À bord, l’écran d’infodivertissement « Innovision » grimpe à 12,9 pouces, épaulé par un combiné d’instrumentation numérique de 10,25 pouces. Clin d’œil appuyé à l’histoire de la marque, l’affichage peut adopter un thème rétro qui rappelle la première Golf de 1974, un principe déjà vu sur le cockpit de l’ID. Polo. Volkswagen ajoute également un assistant vocal intelligent dopé à ChatGPT, une clé numérique via smartphone, et des services connectés offerts pendant dix ans. En option, un affichage tête haute à réalité augmentée vient projeter les informations de conduite directement dans le champ de vision.

Les matériaux progressent aussi : de nouveaux textiles et des surfaces moussées habillent une grande partie de la planche de bord, dans un esprit plus proche d’un T-Roc que de l’ancienne ID.3. La qualité perçue n’atteint pas encore le niveau des meilleures compactes premium, mais l’écart se resserre nettement.

Trois batteries, trois niveaux de puissance

Sous le plancher, l’ID.3 Neo reprend l’architecture MEB et sa transmission propulsion (moteur à l’arrière). L’offre s’articule autour de trois capacités de batterie NMC : 50, 58 et 79 kWh, associées respectivement à 170, 190 et 231 chevaux. Les autonomies WLTP s’échelonnent selon les configurations, la version la plus endurante dépassant les 600 km.

Côté nouveautés électriques, l’ID.3 Neo inaugure le préconditionnement manuel de la batterie et la consultation directe de son état de santé (SOH), deux fonctions réclamées de longue date par les propriétaires d’électriques. La recharge V2L, qui permet de brancher un appareil électrique sur la voiture, est disponible en option.

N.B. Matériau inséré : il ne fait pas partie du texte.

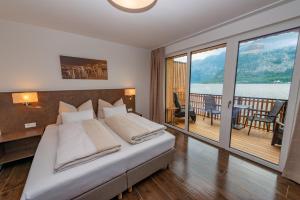 Strand Hallstatt - Rooms only - Adults only
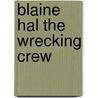 Blaine Hal the Wrecking Crew door Hal Blaine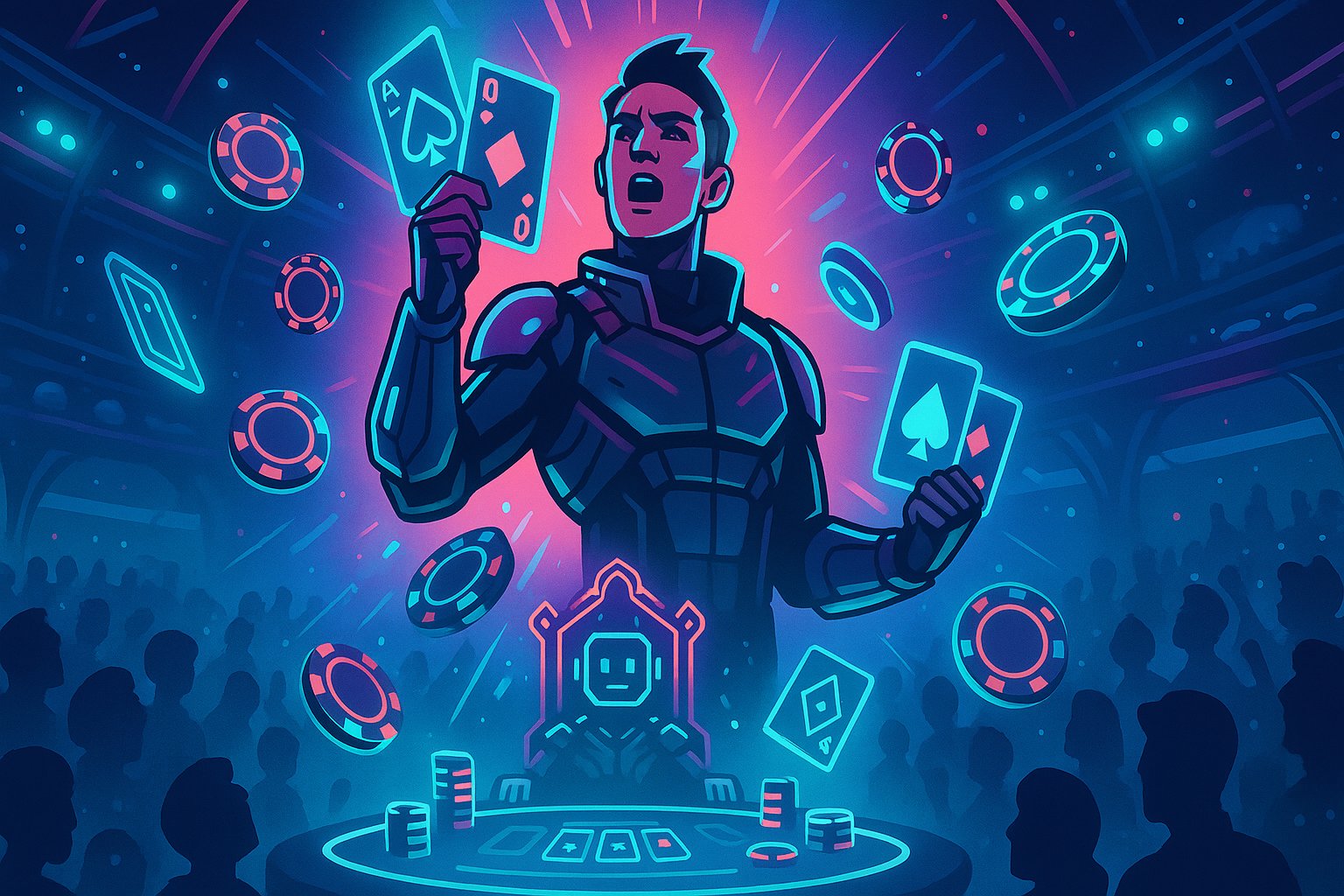 golbatapp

Sur la route : le sérieux avant le spectacle

Au volant, l’ID.3 Neo ne cherche pas à surprendre, elle cherche à rassurer. La direction, calibrée sans excès de vivacité, et l’amortissement, plutôt souple sans être mou, dessinent le profil d’une compacte pensée pour avaler des kilomètres sans fatiguer son conducteur. La propulsion (moteur à l’arrière) donne une motricité saine à l’accélération, y compris sur chaussée humide, et l’insonorisation a clairement progressé : à vitesse stabilisée sur autoroute, les bruits aérodynamiques et de roulement restent contenus, un point sur lequel l’ancienne ID.3 pêchait un peu.

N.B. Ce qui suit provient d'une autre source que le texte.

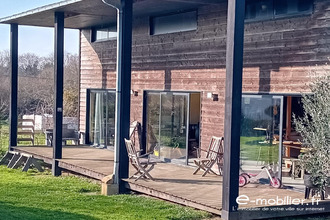  maison plouezec 22470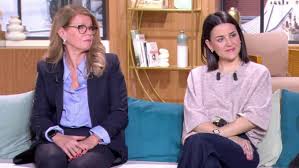 News source: France TV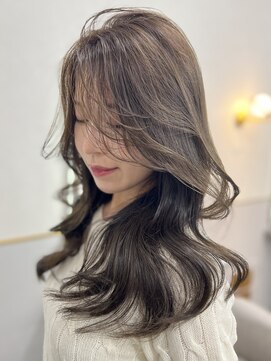 シーテメゾン(Ciete Maison) 【makishi】韓国レイヤー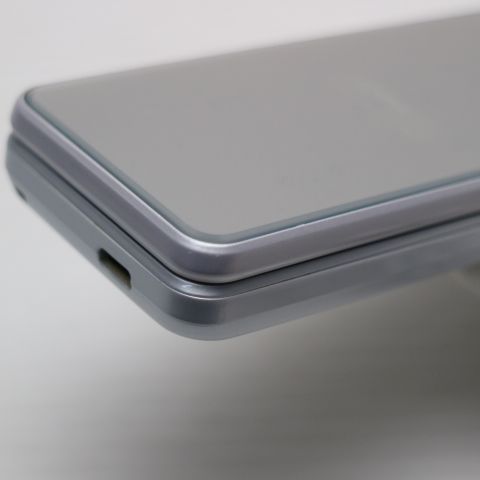 �¿��ݾ��� Ƚ��� Ķ���� SoftBank 601SH AQUOS ��������2 �ۥ磻��  ���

Sur un parcours mixte, alternant routes secondaires et voies rapides, notre modèle d’essai en finition Style, associée à la batterie intermédiaire de 58 kWh et à des jantes de 19 pouces, s’est stabilisé autour de 14 kWh/100 km. Une consommation cohérente avec la valeur WLTP annoncée par Volkswagen, et qui autorise un rayon d’action réel avoisinant les 380 à 400 km dans des conditions de conduite normales, chauffage ou climatisation inclus. Sur autoroute à vitesse soutenue, la consommation grimpe logiquement, mais l’ID.3 Neo reste dans la moyenne haute de sa catégorie plutôt que de décrocher, comme cela pouvait arriver sur les premières versions du modèle produites à Zwickau et Dresde Volkswagen avait d’ailleurs renoncé à ouvrir une ligne supplémentaire à Wolfsburg faute de demande suffisante. Au chapitre de la recharge rapide, rien ne change fondamentalement par rapport à la devancière, mais le préconditionnement manuel évoqué plus haut permet désormais d’optimiser la vitesse de charge avant une pause sur autoroute, un détail qui change vraiment le quotidien en électrique.

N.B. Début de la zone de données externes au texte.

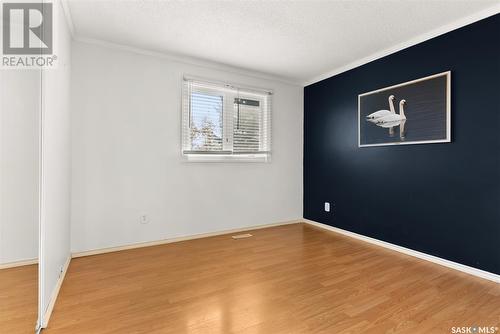 51 Salemka Crescent, Regina, SK - Indoor Photo Showing Other Room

Commandes ouvertes, livraisons à l’été

La Volkswagen ID.3 Neo se décline en trois finitions : Trend, Life et Style. En France, les commandes sont ouvertes depuis le 22 avril 2026, pour des premières livraisons attendues à partir de juillet. Le tarif d’entrée s’établit autour de 40 500 € en finition Life avec la batterie de 58 kWh et les 190 chevaux, contre environ 42 700 € pour la finition Style équivalente. La version Pro S à 79 kWh démarre quant à elle sous la barre des 40 500 €, et reste éligible au bonus écologique sous conditions de prix.

Volkswagen ne réinvente pas l’ID.3, il la corrige. Et c’est bien ce qui manquait depuis 2020 : une compacte électrique qui assume enfin ses ambitions, sans laisser l’ergonomie ou la finition ternir le tableau. La marque tient là sa meilleure ID.3 à ce jour, en attendant la relève annoncée pour 2028 sous la forme d’une Golf électrique.